CHIEF EXECUTIVE OFFICER COMPENSATION

      Dr. Rakib’s base salary in 2003 was $450,000, and Dr. Rakib was eligible to receive a bonus of up to $216,563 under the Company’s 2003 Executive Incentive Compensation Plan (Compensation Plan), which would have been paid in 2004. Dr. Rakib voluntarily waived his right to receive his bonus and consequently did not receive any payout under the Compensation Plan, which is described below. The Compensation Committee, and in the past — the Board, reviews Dr. Rakib’s compensation annually and sets Dr. Rakib’s compensation. The Compensation Committee took into account (i) its belief that Dr. Rakib is the Chief Executive Officer of a technology company that designs, develops and sells broadband equipment, (ii) the scope of Dr. Rakib’s responsibility and (iii) Dr. Rakib’s ability to lead the Company’s continued development.

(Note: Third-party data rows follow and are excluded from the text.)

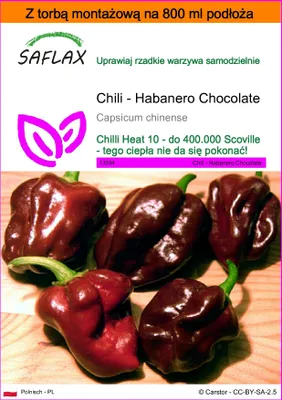 Zdjęcie produktu dla SAFLAX - Garden in the bag - Chili - Habanero Chocolate - 10 Nasiona - Z podłożem uprawowym w praktycznej, samorozkładającej się torbie - Capsicum chinense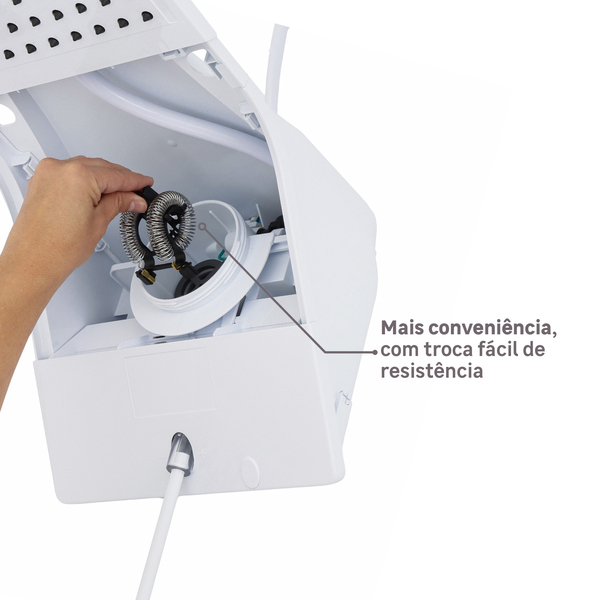 Chuveiro Elétrico Eletrônico 127v (110v) 5500w Branco Quadrado Ducali Zagonel - Imagem 6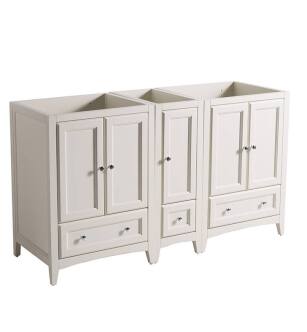 Fresca FCB20-241224AW Oxford 60" Antique White Traditional Double Sink Bathroom Cabinets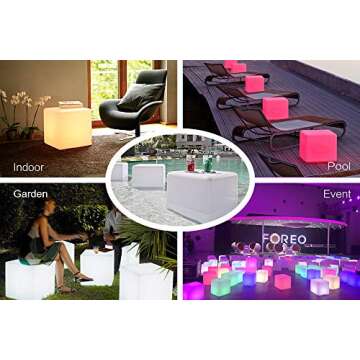 BLUEYE 16-Inch LED Cube Chair Light,Detachable Charging,Cordless,Remote Control Side Table,16 RGB Color Cube Seat for Adult,Home Garden Party Decoration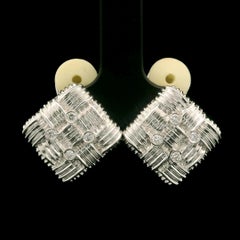Roberto Coin Appassionata 18k White Gold Diamond Woven Lozenge Clip On Earrings
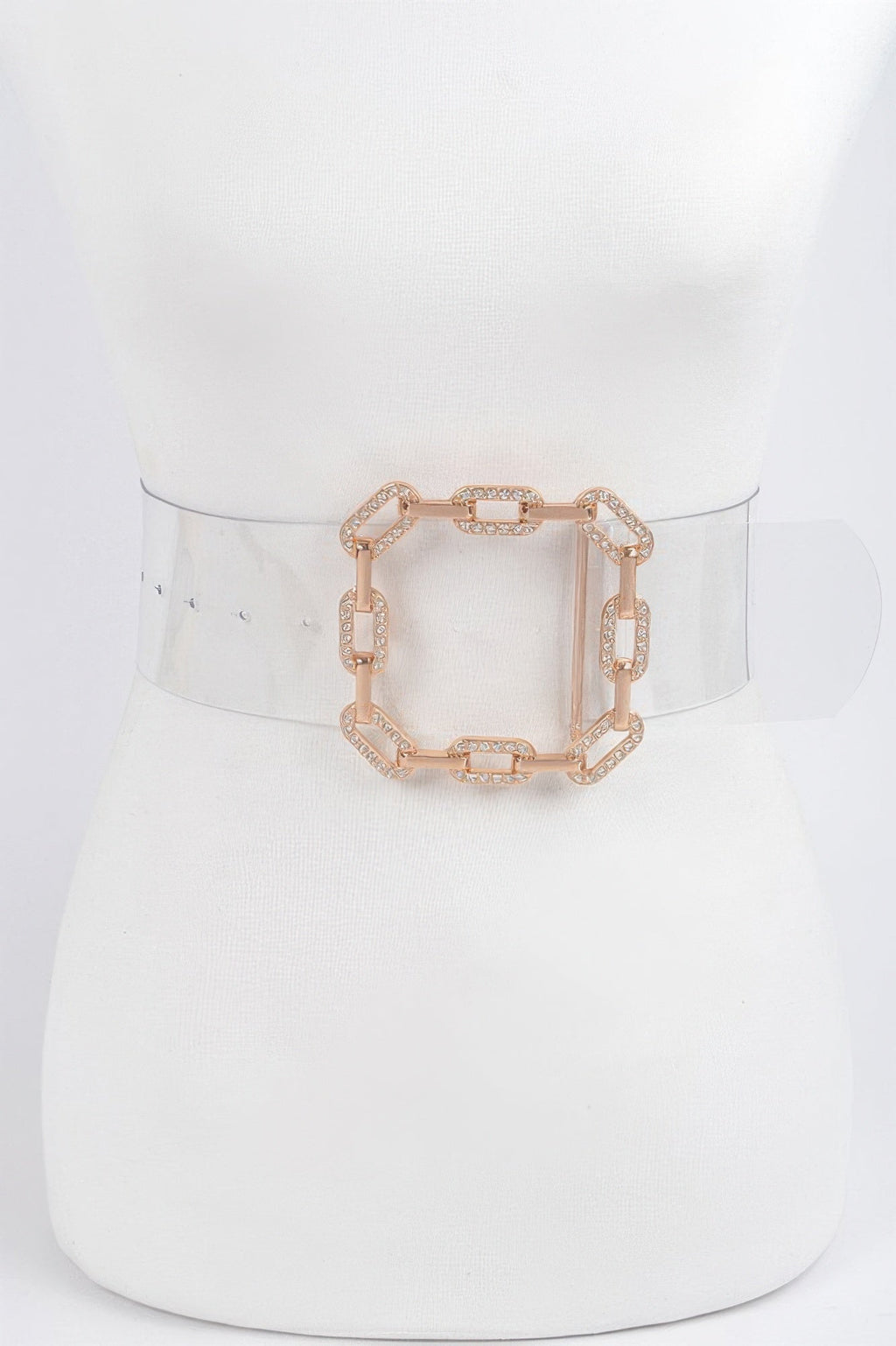 Transparent Plus Size Belt With Gold and Rhinestone Buckle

      In 2003, the Board, upon the recommendation of the Compensation Committee, implemented the Compensation Plan for certain of the Company’s officers, including the Chief Executive Officer and each of the executive officers. The Compensation Plan was a bonus plan in which the Company’s officers would be eligible to receive a bonus based on (i) the Company’s performance and (ii) qualitative performance by the officer. The Chief Executive Officer would make a recommendation to the Compensation Committee on the qualitative performance of each of the officers and the Compensation Committee would evaluate the Chief Executive Officer’s performance. Any payment from the Compensation Plan would be based on a percentage of the officer’s base pay.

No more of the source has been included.